Je nach gewünschtem Effekt können unterschiedlich viele dieser Fäden verwendet werden. Dadurch lassen sich sehr feine Details ebenso wie kräftigere Sticklinien gestalten.
Sticktwist eignet sich unter anderem für:
- Kreuzstich
- Motivstickerei
- Schriftzüge
- Blumenmotive
- Verzierungen
- dekorative Handarbeiten
Perlgarn
Perlgarn ist stärker gedreht und wird üblicherweise nicht in einzelne Fäden geteilt. Es erzeugt dadurch deutlich sichtbare, dekorative Stiche.
Es eignet sich beispielsweise für Konturen, dekorative Muster und plastisch wirkende Stickereien.
Kann man mit Strickwolle sticken?
Ja. Besonders bei gröberen Stoffen und dekorativen Arbeiten kann auch Strickwolle zum Sticken eingesetzt werden.
Dickere Wollgarne können interessante dreidimensionale Effekte erzeugen und eignen sich beispielsweise für grobe Stoffe, Strickstücke oder andere textile Dekorationen.

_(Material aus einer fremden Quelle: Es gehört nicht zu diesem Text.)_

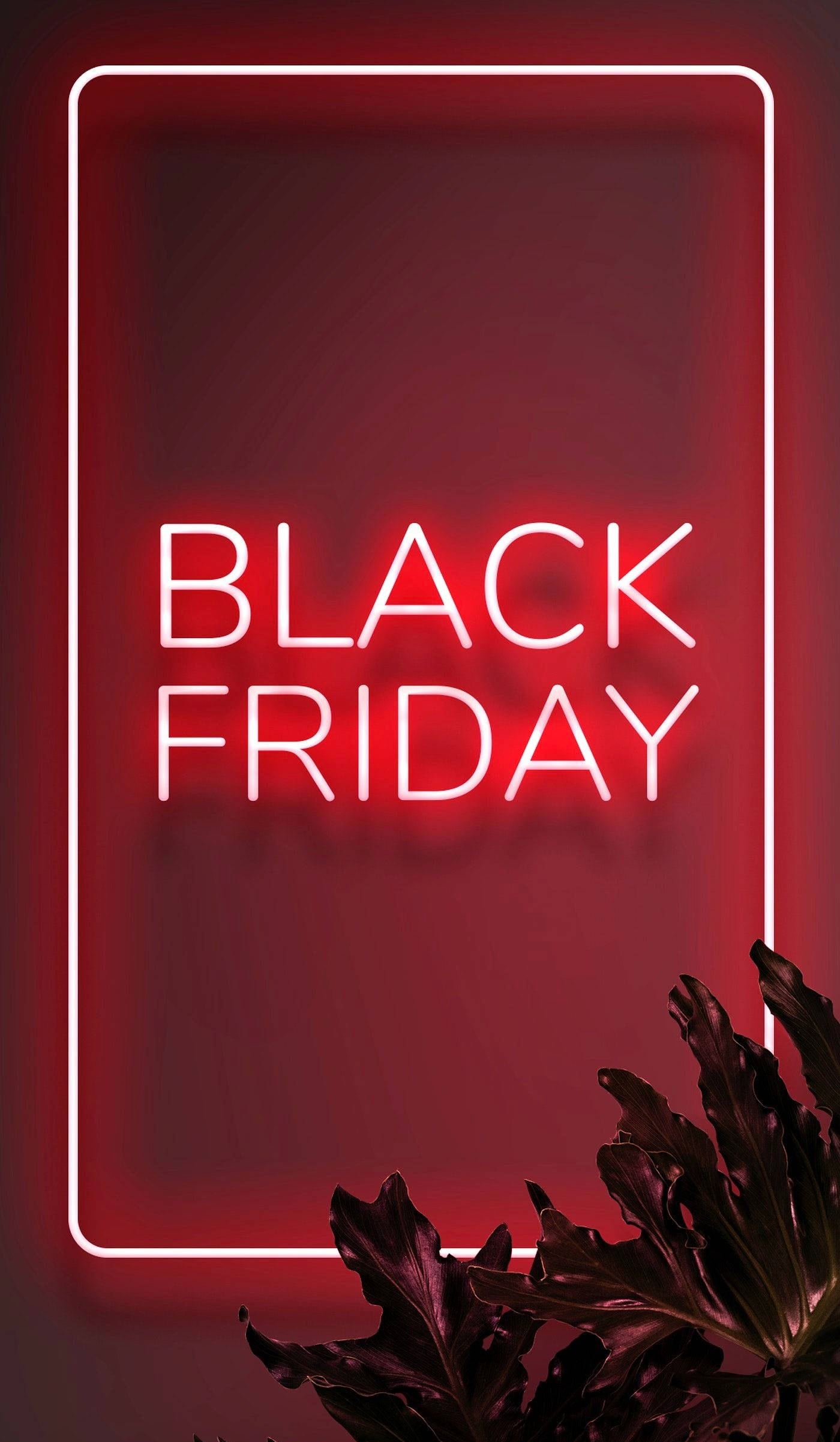 霓虹紅色黑色星期五特賣 壁紙 — 粗體白色霓虹燈文字「BLACK FRIDAY」在長方形框架內發光，背景是深紅色牆壁，底部有深色樹葉。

Für sehr feine Stickereien sind klassische Strickgarne dagegen meist zu dick.
Garnstärke und Lauflänge beachten
Neben der Faser ist die Garnstärke entscheidend.
Als Orientierung gilt: Je höher die Lauflänge bei gleichem Gewicht, desto feiner ist normalerweise das Garn.
Ein Garn mit 100 g und 100 m Lauflänge ist beispielsweise wesentlich dicker als ein Garn mit 100 g und 400 m Lauflänge.
Internationale Garnstärken wie Lace, Fingering, Sport, DK, Worsted, Bulky oder Super Bulky erleichtern zusätzlich die Einordnung verschiedener Garne.
Entscheidend bleibt jedoch immer die Empfehlung für das konkrete Projekt.
Die Maschenprobe ist wichtiger als der Garnname
Besonders beim Stricken und Häkeln von Kleidungsstücken sollte die Maschenprobe nicht übersprungen werden.
Zwei Garne mit ähnlicher Lauflänge können aufgrund ihrer Faserzusammensetzung und Konstruktion unterschiedlich ausfallen. Auch die persönliche Arbeitsweise beeinflusst das Ergebnis.
Wer besonders locker oder fest arbeitet, erreicht mit derselben Nadelstärke möglicherweise eine völlig andere Maschenzahl.
Deshalb gilt: Soll ein Kleidungsstück später richtig passen, ist die Maschenprobe wichtiger als die reine Garnbezeichnung.